Baking Basics

Getting Ready/Equipment

  • Don't mess with the basic ingredients -the flour, liquid, salt, fat and leavening in your recipe. Unlike other types of cooking, you must measure your ingredients accurately and have the right tools to do so.
  • Dry ingredients are measured in flat topped measuring cups.  Be sure to fill them to the top and then level off the extra.  
  • Liquid measuring cups are usually glass, with more space at the top, and a pour spout. Add liquids to the cup, set it on the counter and look at it sideways, on its own level. Do not substitute liquid and dry measuring cups for one another -your ingredient measurements will be inaccurate if you do.
  • Tableware spoons should not be used for measuring since they vary in size.
  • For best results use shiny aluminum baking sheets without sides (baked products will brown more quickly on dark colored baking sheets because they absorb more heat than the shiny type). You can also turn a jelly roll pan (15 x 10 x 1-inch pan) upside down and use it in place of a baking sheet.
  • Prepare baking pans according to the recipe. Cookies with a high fat content may not need to be baked on a greased surface. Remember some non-stick pans can be ruined if you apply non-stick sprays.
  • Allow baking sheet to cool completely before reusing.
  • Line baking sheets with parchment paper. The paper will withstand high temperatures without scorching. This makes the baking sheet easier to clean, and you can slide the sheet of parchment with the baked cookies right onto your rack for cooling. However, as they cool you'll need to turn them over to complete the cooling and prevent the bottom of the cookies from getting soggy.
  • Bake only one sheet of cookies at a time on the middle rack in the center of the oven.
  • A wire cooling rack speeds the cooling of cookies, etc. It allows steam to escape from all sides of the baked product so the bottom doesn't get soggy.
  • Use a cooling rack with closely spaced wires so cookies have adequate support when cooling.
  • And remember to always supervise kids in the kitchen.

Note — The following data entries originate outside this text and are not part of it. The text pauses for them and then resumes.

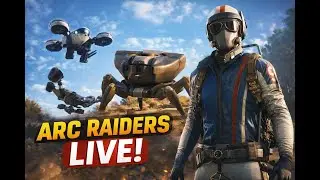 LIVE! ARC Raider NEW UPDATE &mdash; Solo | New Project | Trials | Blueprints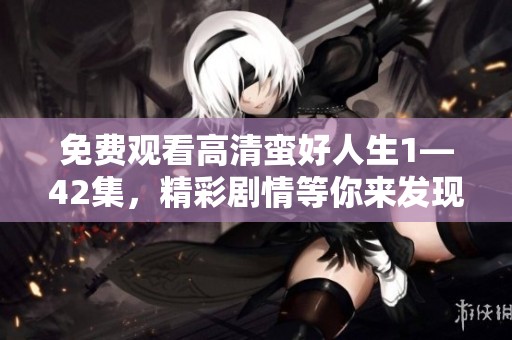 免费观看高清蛮好人生1—42集，精彩剧情等你来发现
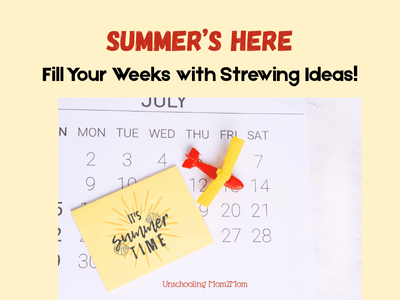 Summer Ideas from the Strewing Calendar!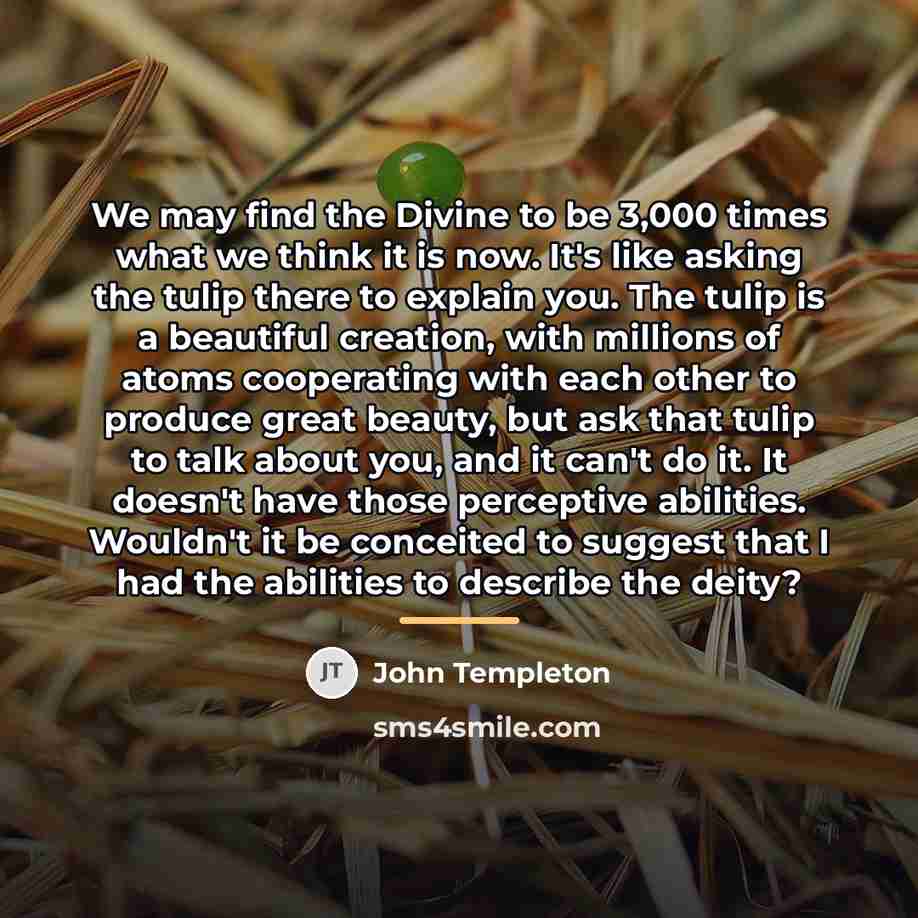 “We may find the Divine to be 3,000 times what…” quote by John Templeton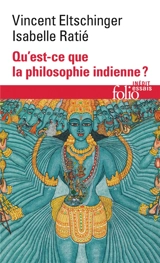 Qu'est-ce que la philosophie indienne ? - Vincent Eltschinger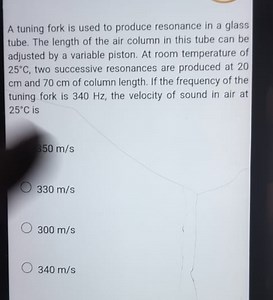 A tuning fork is used to produce resonance in a glass tube. The... | Filo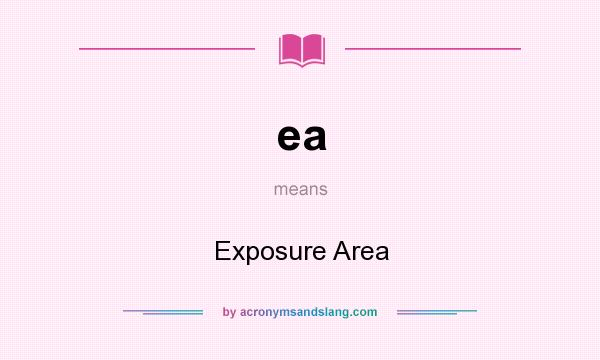 What does ea mean? It stands for Exposure Area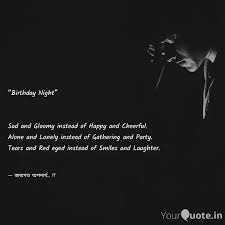 It's much easier to get into problems when your partner is no more attracted for you. Sad Alone Birthday Quotes 1 Quotes X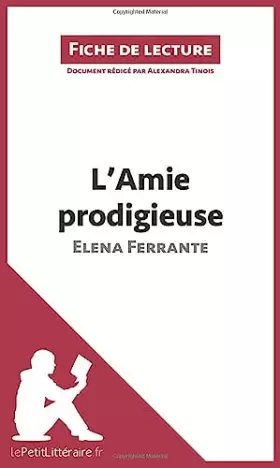 Couverture du produit · L'Amie prodigieuse d'Elena Ferrante (Fiche de lecture): Analyse complète et résumé détaillé de l'oeuvre
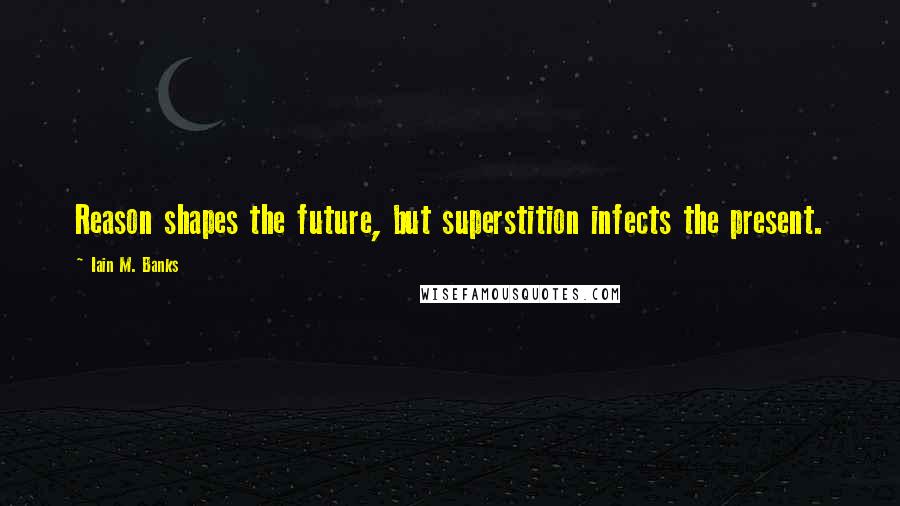 Iain M. Banks Quotes: Reason shapes the future, but superstition infects the present.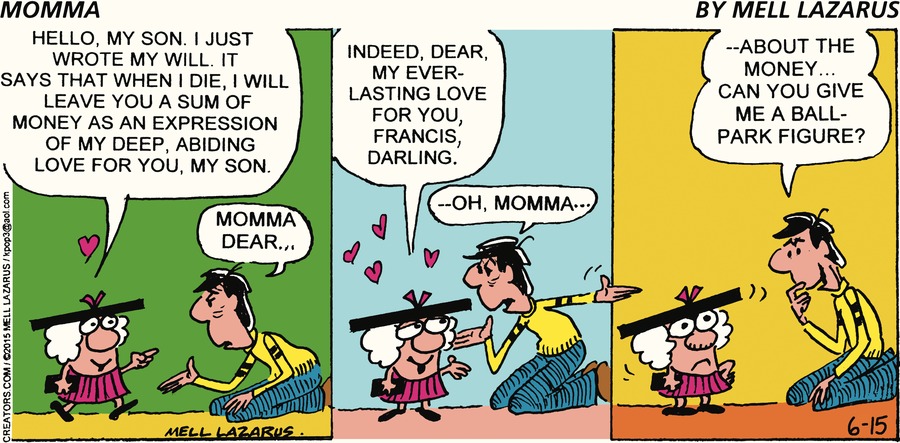 Momma by Mell Lazarus on Sun, 15 Jun 2025
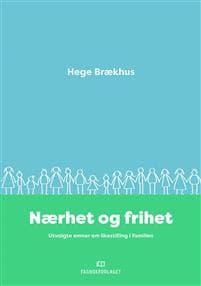 Nærhet og frihet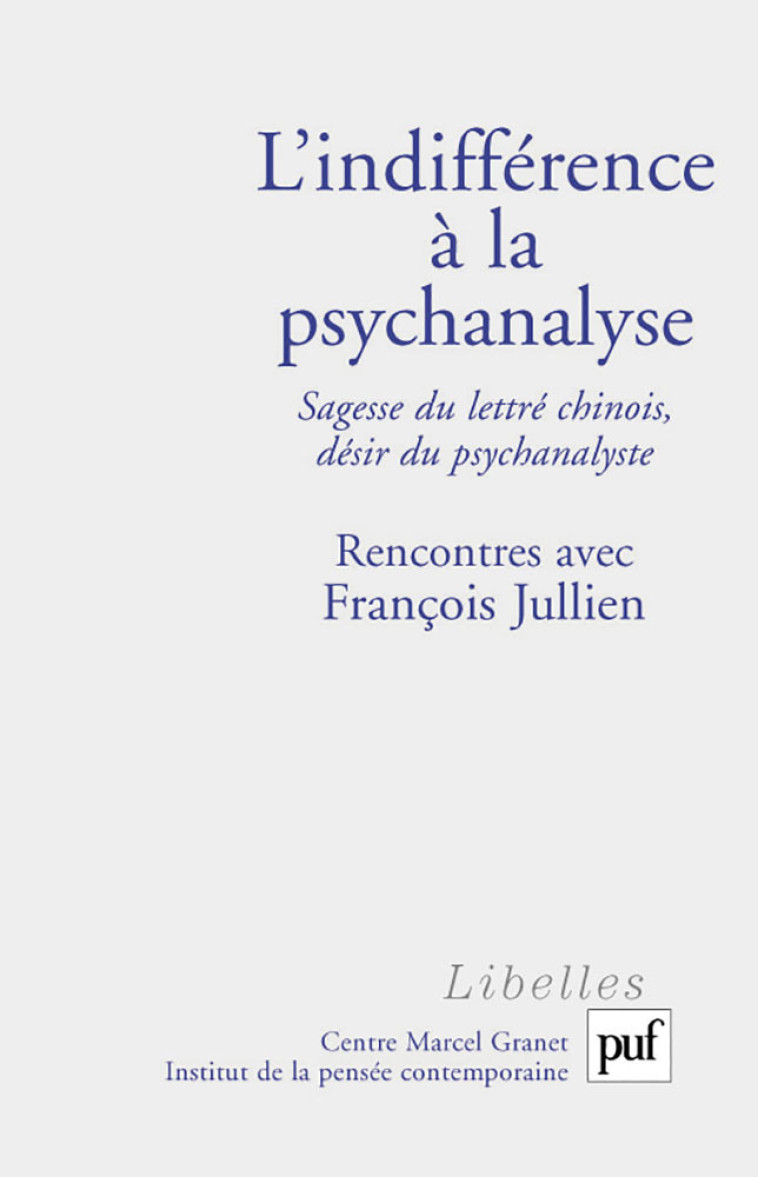 L'indifférence à la psychanalyse - Laurent Cornaz - PUF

  • All-purpose is a good choice for a wide variety of recipes from cookies to breads to cakes.
  • It comes in 2 basic forms; bleached and unbleached, which can be used interchangeably.
  • All-purpose flours today are "pre-sifted" therefore no need to sift the flour unless a recipe specifically states to do so. Do not tamp it down when measuring. Spoon it into cup and let it heap up, then use the flat side of a knife to level it off.
  • Whole wheat flour is heavier. If you substitute it for all-purpose, you'll end up with a baked brick. You can substitute half the flour in an all white flour recipe with whole wheat, but no more than that.

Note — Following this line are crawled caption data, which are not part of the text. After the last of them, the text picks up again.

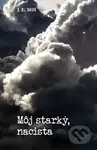 Môj starký, nacista - J.E. Mill - kniha z kategorie Beletrie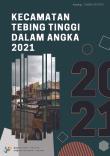 Kecamatan Tebing Tinggi Dalam Angka 2021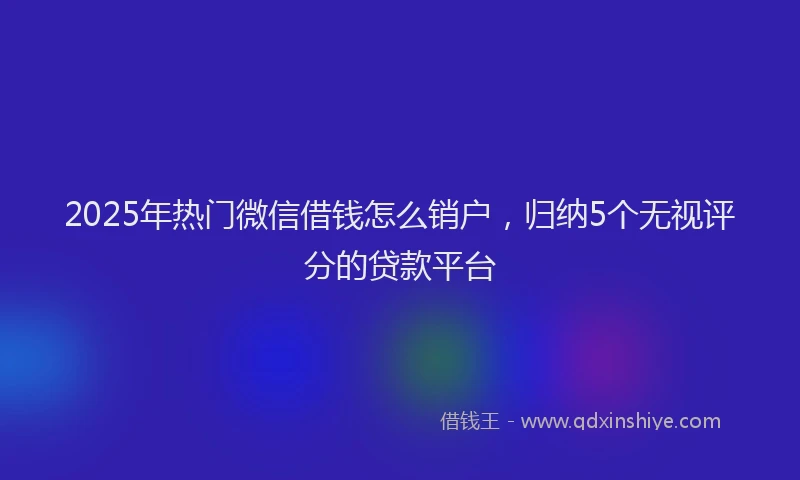 2025年热门微信借钱怎么销户,归纳5个无视评分的贷款平台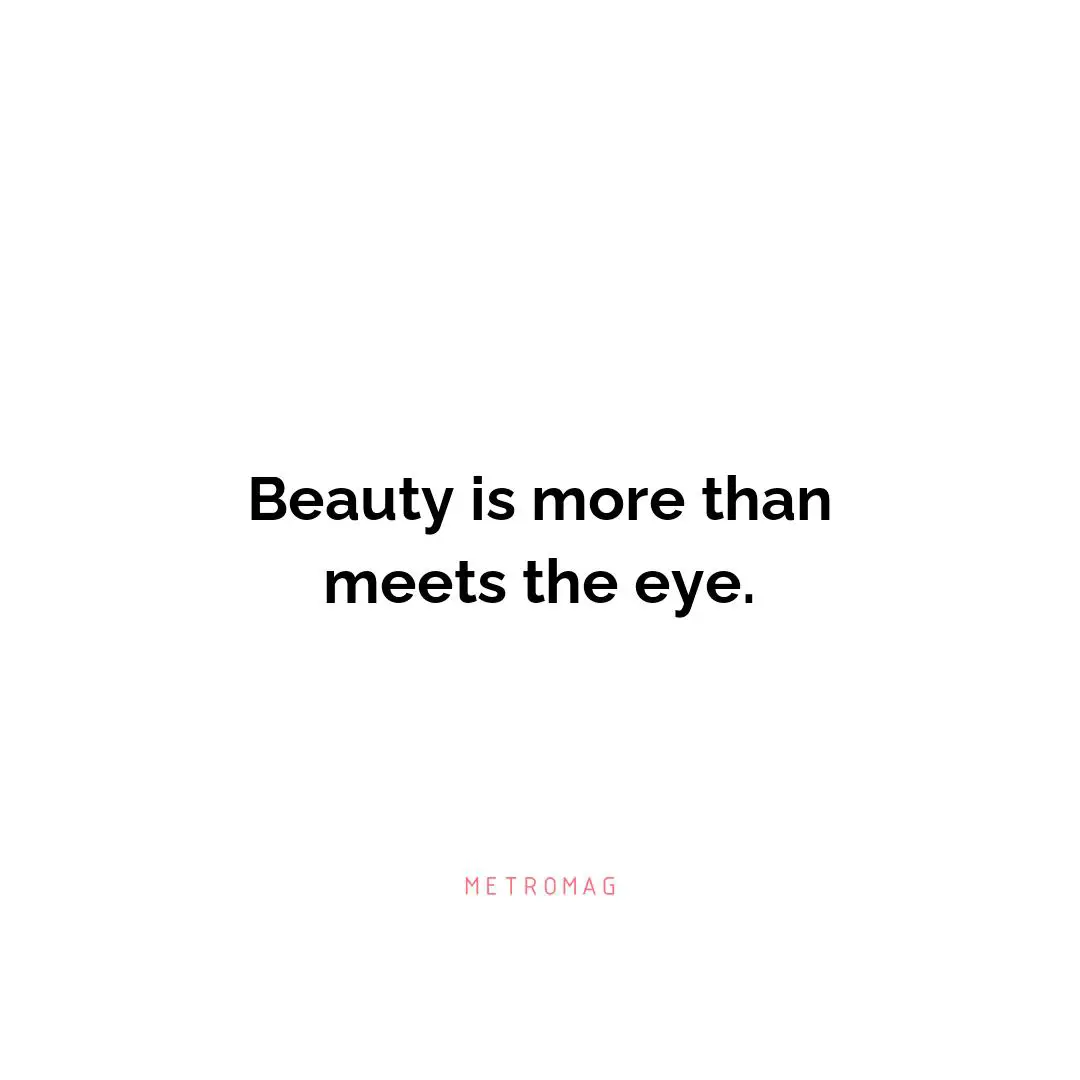 Beauty is more than meets the eye.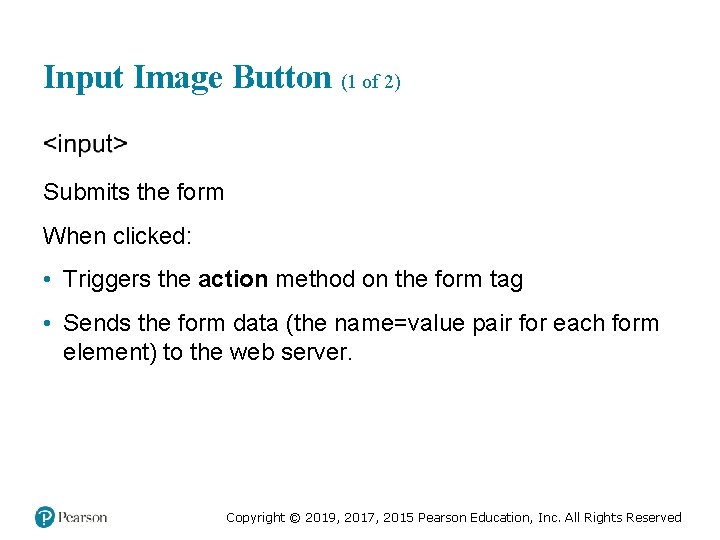 Input Image Button (1 of 2) Submits the form When clicked: • Triggers the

  • Substituting a spread product for butter or margarine is the most frequent baking mistake people make and often a guaranteed way to wind up throwing your results in the trash.
  • If the first ingredient on the product label is water, don't use it for baking. Spreads that are less than 60 percent fat have a lot of water included and will make cookies spread too thin or otherwise mess up recipes.
  • Stick margarine that is at least 80 percent fat can be substituted for butter. For best results, use butter if the recipe calls for butter. Buy it on sale when it is cheap and freeze it in the original packaging.


Baking Soda and Powder 

  • Place a teaspoon of baking powder in some warm water. It should foam and bubble quite actively if it is fresh.
  • Place a teaspoon of baking soda in a small bowl and add 1 Tbsp. vinegar. If the mixture fizzes then the baking soda is still good.
  • Baking powder cannot be substituted for baking soda. They are not the same thing.
  • Baking soda is used instead of baking powder when a recipe contains acid ingredients like buttermilk, vinegar or sour cream. It creates a chemical reaction as soon as the liquid ingredient is added, so the recipe should be baked immediately after mixing or the gases will escape and the product will not rise.



  • Egg sizes range from jumbo to small. Always use large size eggs in recipes unless it is specified differently.
  • Before purchasing, always check the carton to make sure there are no cracked eggs.
  • Eggs should be stored in the refrigerator. For optimum quality, use them before the "Best Before" date expires.
  • When eggs lose their freshness, the yolks flatten and the whites become runny. A fresh egg will sink in a bowl of water whereas an old egg will float.
  • When adding eggs to a recipe, break them one at a time into a small bowl before adding to the other ingredients. This way you can check the quality first and remove any pieces of shell.